=== REQUIREMENT ===
Which lines should be repeated? Exactly the one containing "Body avvolgente blu" and every line after it through the end of the entries below.

Data entries:

————————

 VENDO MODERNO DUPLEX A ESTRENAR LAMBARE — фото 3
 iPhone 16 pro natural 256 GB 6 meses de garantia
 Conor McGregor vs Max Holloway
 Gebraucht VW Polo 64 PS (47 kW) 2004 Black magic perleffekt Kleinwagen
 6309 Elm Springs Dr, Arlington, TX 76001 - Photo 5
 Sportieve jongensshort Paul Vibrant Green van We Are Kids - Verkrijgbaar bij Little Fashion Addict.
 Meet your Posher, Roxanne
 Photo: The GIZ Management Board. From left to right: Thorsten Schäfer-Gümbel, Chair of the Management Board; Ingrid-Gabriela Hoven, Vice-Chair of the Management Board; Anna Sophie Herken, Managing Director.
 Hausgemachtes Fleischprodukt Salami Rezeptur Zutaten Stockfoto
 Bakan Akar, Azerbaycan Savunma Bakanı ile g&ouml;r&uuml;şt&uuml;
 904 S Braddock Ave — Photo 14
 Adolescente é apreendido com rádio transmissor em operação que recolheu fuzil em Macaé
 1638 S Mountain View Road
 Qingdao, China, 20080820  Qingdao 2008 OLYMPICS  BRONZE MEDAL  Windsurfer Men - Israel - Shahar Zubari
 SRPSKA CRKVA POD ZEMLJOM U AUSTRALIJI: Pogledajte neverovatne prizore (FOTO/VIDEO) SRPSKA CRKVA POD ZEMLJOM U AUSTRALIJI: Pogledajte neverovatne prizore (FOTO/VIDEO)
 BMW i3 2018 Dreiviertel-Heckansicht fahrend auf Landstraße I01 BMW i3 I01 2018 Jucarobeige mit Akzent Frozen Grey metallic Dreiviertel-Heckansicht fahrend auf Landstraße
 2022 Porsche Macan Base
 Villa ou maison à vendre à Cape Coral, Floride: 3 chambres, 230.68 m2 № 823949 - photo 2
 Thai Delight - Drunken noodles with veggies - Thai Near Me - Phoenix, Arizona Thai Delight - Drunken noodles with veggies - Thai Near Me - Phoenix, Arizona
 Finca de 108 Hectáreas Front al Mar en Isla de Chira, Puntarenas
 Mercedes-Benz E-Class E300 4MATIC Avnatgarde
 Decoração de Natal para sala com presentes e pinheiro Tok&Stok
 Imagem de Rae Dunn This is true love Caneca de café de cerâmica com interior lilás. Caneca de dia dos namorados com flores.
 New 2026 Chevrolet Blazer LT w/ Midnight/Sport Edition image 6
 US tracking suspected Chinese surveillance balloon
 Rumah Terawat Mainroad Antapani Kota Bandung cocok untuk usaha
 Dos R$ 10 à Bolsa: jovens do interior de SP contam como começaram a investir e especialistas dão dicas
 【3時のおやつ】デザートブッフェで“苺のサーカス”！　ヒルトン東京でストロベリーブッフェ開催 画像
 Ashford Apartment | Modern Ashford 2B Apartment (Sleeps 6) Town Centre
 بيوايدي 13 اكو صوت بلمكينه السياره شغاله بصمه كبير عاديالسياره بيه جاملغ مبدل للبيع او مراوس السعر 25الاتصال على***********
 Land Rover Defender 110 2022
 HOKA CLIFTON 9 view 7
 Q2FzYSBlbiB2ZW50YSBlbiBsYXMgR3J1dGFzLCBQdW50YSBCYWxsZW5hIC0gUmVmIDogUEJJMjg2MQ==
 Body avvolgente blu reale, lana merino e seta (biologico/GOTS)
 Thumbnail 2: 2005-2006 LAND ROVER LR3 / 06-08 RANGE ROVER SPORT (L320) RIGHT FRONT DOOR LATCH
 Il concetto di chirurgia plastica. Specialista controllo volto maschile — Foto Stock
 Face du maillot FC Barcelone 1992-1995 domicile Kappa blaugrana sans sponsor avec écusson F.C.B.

————————

=== RESPONSE AREA ===
 Body avvolgente blu reale, lana merino e seta (biologico/GOTS)
 Thumbnail 2: 2005-2006 LAND ROVER LR3 / 06-08 RANGE ROVER SPORT (L320) RIGHT FRONT DOOR LATCH
 Il concetto di chirurgia plastica. Specialista controllo volto maschile — Foto Stock
 Face du maillot FC Barcelone 1992-1995 domicile Kappa blaugrana sans sponsor avec écusson F.C.B.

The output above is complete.